Ainda conforme o secretário, ainda há vacinas contra gripe disponíveis nas unidades básicas de saúde da cidade. Os interessados em se vacinar, devem ligar na UBS mais próxima de sua residência e agendar um horário. Ele informa que houve baixa adesão à vacina da gripe em Londrina e no Paraná como um todo.

“Nós temos vacina da influenza trivalente que é vacina disponível neste calendário vacinal pelo Ministério da Saúde, que protege contra H1N1, influenza B e H3N2, entretanto não essa mutação do vírus H3N2. Porventura quem ainda não se vacinou, é possível se vacinar. Lembrando que ela não vai te conferir a proteção especificamente contra o novo o vírus da influenza, mas aqueles outros que já são conhecidos.”
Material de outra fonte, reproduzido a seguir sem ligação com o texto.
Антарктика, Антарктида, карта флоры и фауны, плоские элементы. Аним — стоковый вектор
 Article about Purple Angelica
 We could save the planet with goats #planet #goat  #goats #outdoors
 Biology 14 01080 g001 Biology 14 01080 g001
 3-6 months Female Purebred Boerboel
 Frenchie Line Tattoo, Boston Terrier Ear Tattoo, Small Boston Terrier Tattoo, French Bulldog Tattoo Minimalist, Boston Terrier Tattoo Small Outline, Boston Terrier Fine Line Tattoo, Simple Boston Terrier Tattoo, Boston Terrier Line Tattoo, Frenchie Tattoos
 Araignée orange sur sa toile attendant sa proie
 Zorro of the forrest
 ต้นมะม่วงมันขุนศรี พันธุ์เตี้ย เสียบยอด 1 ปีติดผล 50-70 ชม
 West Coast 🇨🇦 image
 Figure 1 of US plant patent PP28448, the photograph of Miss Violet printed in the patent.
Média móvel de casos de covid-19 vem crescendo

A média móvel diária de novos casos de covid-19 vem crescendo ininterruptamente em Londrina desde o dia 26 de dezembro, segundo boletins epidemiológicos divulgados pela Prefeitura. Eram 13 novos casos em média naquele dia. Subiram para 28 dia 3 de janeiro. A média móvel diária é a soma dos novos casos dos últimos sete dias dividida por sete.

A Prefeitura não divulgou boletins nos dias 25 e 26 de dezembro e nem nos dias 1º e 2 de janeiro. Os dados desses dias foram contabilizados na data seguinte. No período de 12 a 18 de dezembro a média diária havia ficado abaixo dos 10 casos.

Apesar do aumento de casos, não houve crescimento no número de mortes por covid-19. Não há nenhum óbito registrado desde 29 de dezembro. Já o número de pessoas internadas com a doença aumentou de 8 no dia 27 de dezembro para 13 em 3 de janeiro. Confira os gráficos:

Secretário reforça importância da vacinação

Machado reforça a importância da vacinação contra o novo coronavírus: “Ela vem cumprindo integralmente o papel que se propõe, que é evitar os casos graves e evitar as mortes. Em que pese nós observarmos esse aumento considerável no número de casos e atendimentos, não houve qualquer oscilação em relação a pacientes internados, a número de óbitos. Hoje é o sétimo dia sem nenhum londrinense perder a vida.”

“Entre os casos que nós temos identificado de covid-19, mais de 95% dos casos são sintomáticos leves ou até mesmo assintomáticos, o que referenda a importância da vacina. O mesmo cenário em que nós tivemos um aumento de caso lá atrás, antes da vacina, nós podemos observar o impacto grande que isso gerou em toda a rede de assistência, em toda a rede de atendimento hospitalar.”